De la lumière s'échappait de sous la porte de la salle d'eau. Elle frappa trois légers coups et entra après avoir entendu la voix de Rita lui permettant d'entrer. Cette dernière était penchée au-dessus du lavabo et s'appliquait devant le miroir à se démaquiller la figure.

Miss Jones s'assit sur le bord de la baignoire.

— Rita, je t'avais demandé de ne plus sécher de cours.

— Mmh. Mais j'aime pas les cours, c'est naze.

— Si tu ne vas plus à l'école, qu'est-ce que tu vas faire de ta vie ?

— Je me débrouillerai bien d'une façon ou d'une autre.

— Rita, c'est sérieux. Tu sais comment finissent la plupart des gosses qui se déscolarisent ? Sans-abris ou au placard.

La jeune latino-américaine lui lança un regard accusateur.

— Tu n'es pas la mieux placée pour me donner des leçons, cracha-t-elle.

— Détrompe-toi, idiote. Je suis au contraire très bien placée pour ça.

Rita le savait déjà. Samantha Jones avait arrêté l'école à 14 ans. À 16 ans elle vendait des substances illicites pour des gens de son quartier. À 17 ans elle atterrissait dans une prison pour mineurs. Ça avait été la descente aux enfers.

Elle connaissait le goût de l'échec, celui du dégoût, de la cocaïne, du goudron et du sang, et bien qu'elle ne soit âgée que de 28 ans, elle avait vécu bien plus que le commun des mortels.

— Je ne veux pas que tu finisses mal, Rita. Je sais que la vie ne t'a pas fait de cadeaux jusqu'ici, mais tu dois persévérer pour pouvoir t'offrir le meilleur avenir possible.
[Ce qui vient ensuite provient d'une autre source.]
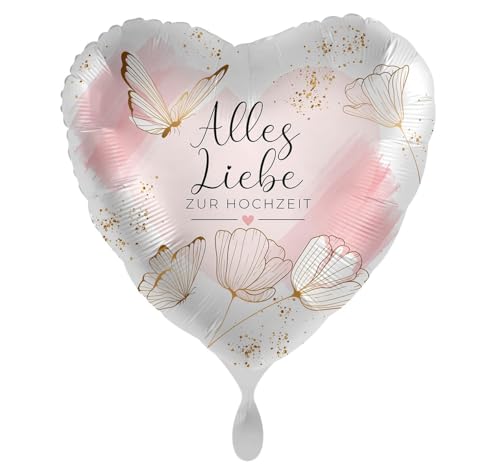 Folienballon Alles Liebe zur Hochzeit Ballon Brautpaar Hochzeitsdeko Geschenk Braut Bräutigam Rosa Ballon Hochzeit von Libetui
La jeune femme frotta affectueusement le dos de la jeune fille. Elle qui aurait tant voulu qu'on lui dise de telles paroles, à l'époque, elle espérait que ses mots pouvaient avoir un impact sur sa petite protégée.

— Allez, va dormir.

— D'accord... passe une bonne soirée Sam...

La jeune femme sourit en regardant Rita sortir. Puis elle resta un instant rêveuse, s'appuyant sur le rebord de la baignoire, avant de finalement se décider à enfiler son uniforme. Ce soir il fallait faire de l'argent.